### [Task to carry out]
Every line from the one with "Predsednik Poljske okrenuo" to the one with "Property Slideshow image", including those two, is to be copied exactly; all other lines of the entries below are left out.

### [Exercise input]
● ● ● ● ● ● ●
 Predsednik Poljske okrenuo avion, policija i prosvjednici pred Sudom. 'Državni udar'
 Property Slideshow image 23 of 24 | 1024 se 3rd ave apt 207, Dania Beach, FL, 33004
● ● ● ● ● ● ●
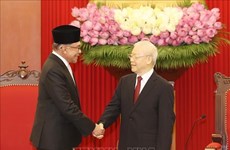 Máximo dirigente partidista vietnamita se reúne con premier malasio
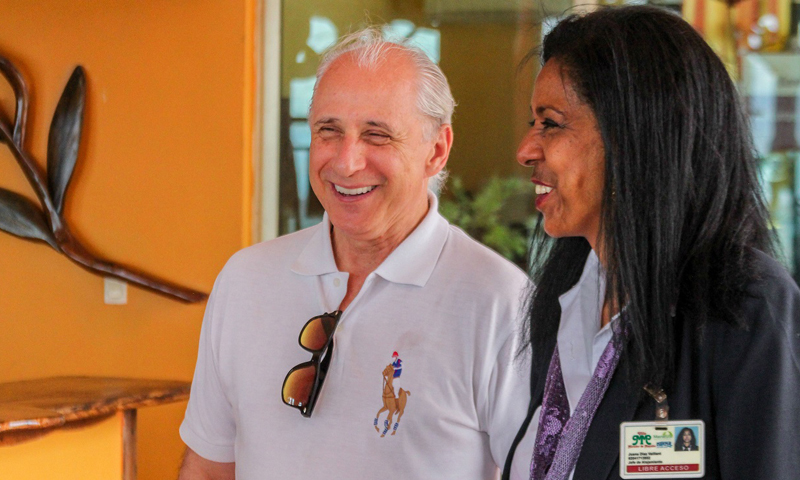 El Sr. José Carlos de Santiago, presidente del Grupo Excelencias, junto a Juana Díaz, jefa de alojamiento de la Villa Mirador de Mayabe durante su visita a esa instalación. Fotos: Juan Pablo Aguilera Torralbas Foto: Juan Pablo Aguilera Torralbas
● ● ● ● ● ● ●
### [Solution for this exercise]
 Predsednik Poljske okrenuo avion, policija i prosvjednici pred Sudom. 'Državni udar'
 Property Slideshow image 23 of 24 | 1024 se 3rd ave apt 207, Dania Beach, FL, 33004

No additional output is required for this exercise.